WAMENA | Pemerintah Provinsi Papua Pegunungan menegaskan komitmen memperkuat ketahanan keluarga sebagai fondasi utama pembangunan sumber daya manusia dan kesejahteraan masyarakat.
Komitmen itu disampaikan Gubernur Papua Pegunungan Dr.

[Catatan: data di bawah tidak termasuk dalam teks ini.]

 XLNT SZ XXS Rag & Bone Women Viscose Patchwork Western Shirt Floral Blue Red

John Tabo, S.E., M.B.A., melalui Staf Ahli Gubernur Bidang Pengembangan Sumber Daya Manusia, Deli Wandik, S.Pd., M.Si., pada Pelatihan Peningkatan Kapasitas Mitra dan Organisasi Kemasyarakatan dalam Pengelolaan Program Ketahanan Keluarga melalui Bina Keluarga Lansia (BKL), Usaha Peningkatan Pendapatan Keluarga Akseptor (UPPKA), dan Pemberdayaan Ekonomi Keluarga (PEK).

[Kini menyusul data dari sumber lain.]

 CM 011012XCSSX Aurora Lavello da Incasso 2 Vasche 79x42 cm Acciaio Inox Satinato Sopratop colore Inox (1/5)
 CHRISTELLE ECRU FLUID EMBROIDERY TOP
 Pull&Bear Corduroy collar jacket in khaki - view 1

Pelatihan diinisiasi Dinas Pengendalian Penduduk dan Keluarga Berencana (DPPKB) Provinsi Papua Pegunungan ini berlangsung di Hotel Baliem Pilamo Lantai II, Wamena, Kamis (17/9/2026).
Dalam sambutannya, Gubernur John Tabo menegaskan pembangunan keluarga tidak hanya soal ekonomi, tetapi mencakup kesehatan, pendidikan, pengasuhan, perlindungan, keharmonisan, hingga kemandirian ekonomi.

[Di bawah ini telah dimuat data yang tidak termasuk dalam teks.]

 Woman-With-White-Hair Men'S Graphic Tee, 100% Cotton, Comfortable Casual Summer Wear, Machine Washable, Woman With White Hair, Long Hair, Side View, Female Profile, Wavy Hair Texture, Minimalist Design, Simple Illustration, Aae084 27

“Kita ingin membangun keluarga yang sehat, mandiri, produktif, tangguh, dan mampu menghadapi berbagai tantangan kehidupan,” ujar Gubernur dalam sambutan tertulis yang dibacakan Deli Wandik.
Gubernur menyoroti peran strategis BKL dalam memastikan lansia tetap sehat, aktif, produktif, dan bermartabat dengan dukungan keluarga. Sementara melalui UPPKA dan PEK, keluarga didorong mengembangkan potensi lokal seperti pertanian, peternakan, perkebunan, kerajinan, dan usaha rumah tangga menjadi sumber pendapatan yang berkelanjutan.
Menurut Gubernur, ketahanan keluarga membutuhkan kolaborasi. Pemerintah daerah tidak bisa bekerja sendiri.
“Kita membutuhkan kerja sama, komitmen, dan semangat gotong royong untuk memperkuat ketahanan keluarga serta meningkatkan kemandirian ekonomi masyarakat,” pesannya.
Ia juga meminta DPPKB melakukan pembinaan, pendampingan, monitoring dan evaluasi berkelanjutan agar kelompok BKL, UPPKA dan PEK benar-benar berkembang sesuai karakteristik tiap kabupaten.